12th September 2016
Research released today by health and wellbeing provider Benenden reveals that UK workers’ lunch hours are dying out, as the majority continue to work during what was traditionally a break from the working routine, despite not being paid for it.
The survey of 2,000 UK workers revealed that 42% of employees do not take their full lunch hour, with nearly sixty (59%) admitting to taking even less than 30 minutes. The research also found that workers aren’t maximizing the little time they do take as 1 in 4 admit to eating at their desk five times a week and 40% of those surveyed blamed ‘too much work’ as the reason for them eating at their workstation. In fact, the survey revealed that only one-fifth of those in work, take their full lunch hour. The full breakdown of UK’s Lunchtime Habits is exposed here.
When taking a closer look at how respondents fared geographically, Benenden found that the biggest culprits are the South East of England and East Anglia. In the latter, 28% of employees average just 15 minutes or less for lunch, with only 31% taking a full lunch break in the South East. In contrast, the most impressive area is Scotland, with 40% of employees taking their full lunch hour.
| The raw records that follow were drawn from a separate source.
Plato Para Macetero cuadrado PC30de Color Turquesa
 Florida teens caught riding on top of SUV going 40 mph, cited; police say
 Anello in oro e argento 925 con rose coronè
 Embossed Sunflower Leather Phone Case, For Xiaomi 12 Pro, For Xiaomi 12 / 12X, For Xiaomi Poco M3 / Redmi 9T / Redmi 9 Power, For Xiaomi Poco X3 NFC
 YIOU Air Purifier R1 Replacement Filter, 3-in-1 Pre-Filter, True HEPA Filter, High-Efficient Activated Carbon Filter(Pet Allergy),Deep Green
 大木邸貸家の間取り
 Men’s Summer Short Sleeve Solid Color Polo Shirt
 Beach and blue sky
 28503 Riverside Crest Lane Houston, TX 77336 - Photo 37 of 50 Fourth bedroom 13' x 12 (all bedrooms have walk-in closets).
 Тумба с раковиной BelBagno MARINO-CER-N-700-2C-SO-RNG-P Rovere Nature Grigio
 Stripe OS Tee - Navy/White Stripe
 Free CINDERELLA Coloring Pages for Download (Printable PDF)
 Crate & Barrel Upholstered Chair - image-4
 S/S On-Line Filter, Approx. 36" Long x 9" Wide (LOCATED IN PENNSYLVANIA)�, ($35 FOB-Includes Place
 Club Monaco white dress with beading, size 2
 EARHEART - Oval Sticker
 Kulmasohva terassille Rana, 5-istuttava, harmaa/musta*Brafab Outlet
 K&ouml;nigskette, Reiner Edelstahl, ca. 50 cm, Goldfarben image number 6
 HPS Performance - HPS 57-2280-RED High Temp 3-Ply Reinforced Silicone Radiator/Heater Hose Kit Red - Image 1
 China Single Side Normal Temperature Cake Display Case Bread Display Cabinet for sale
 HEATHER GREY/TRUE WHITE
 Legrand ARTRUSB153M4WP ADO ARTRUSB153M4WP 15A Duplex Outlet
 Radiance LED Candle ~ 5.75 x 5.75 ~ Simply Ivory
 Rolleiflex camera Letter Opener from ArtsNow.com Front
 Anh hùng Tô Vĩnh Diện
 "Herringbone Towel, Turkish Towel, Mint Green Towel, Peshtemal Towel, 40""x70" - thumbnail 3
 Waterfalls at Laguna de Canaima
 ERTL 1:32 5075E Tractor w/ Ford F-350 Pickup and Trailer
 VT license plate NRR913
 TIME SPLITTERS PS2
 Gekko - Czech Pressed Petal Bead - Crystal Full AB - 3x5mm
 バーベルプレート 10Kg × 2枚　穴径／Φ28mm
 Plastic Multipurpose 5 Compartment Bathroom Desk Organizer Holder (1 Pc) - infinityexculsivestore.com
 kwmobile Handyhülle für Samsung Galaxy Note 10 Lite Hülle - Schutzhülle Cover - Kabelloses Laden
Despite a boom in healthy living, there are only a small minority of workers (7%) who choose to exercise in their downtime. 56% of respondents stated that work gets in the way of keeping active, with more than 73% of people saying that their employer doesn’t actively encourage it.
Opting for convenience over health, time-pressed staff admit to spending an average of £5 a day on lunch, choosing to eat sandwiches (59%), bring food from home (54%), or go for much unhealthier options such as burgers and fast food (8%), sweets (19%), pasties (7%) and cakes (15%) . When it comes to more hearty lunchtime options such as pasties (11%), burgers (12%) or pies (9%) twice as many men than women opted for this choice.
Helen Smith, Business Development Director at Benenden comments: “It’s widely recognised that workers need to ensure they take a break – whatever they are allowed - and get away from their desks. Not only from an eating lunch point of view and building up energy levels, but also to refresh the mind and have time to refocus on the afternoon ahead.
“Employers should also take their share of the blame. Workplaces vary in the amount of time given to employees for their lunch breaks and the traditional hour appears to be dying out. Employers should also ensure their workplace policies encourage a proper lunch break, whatever the length of time allowed.”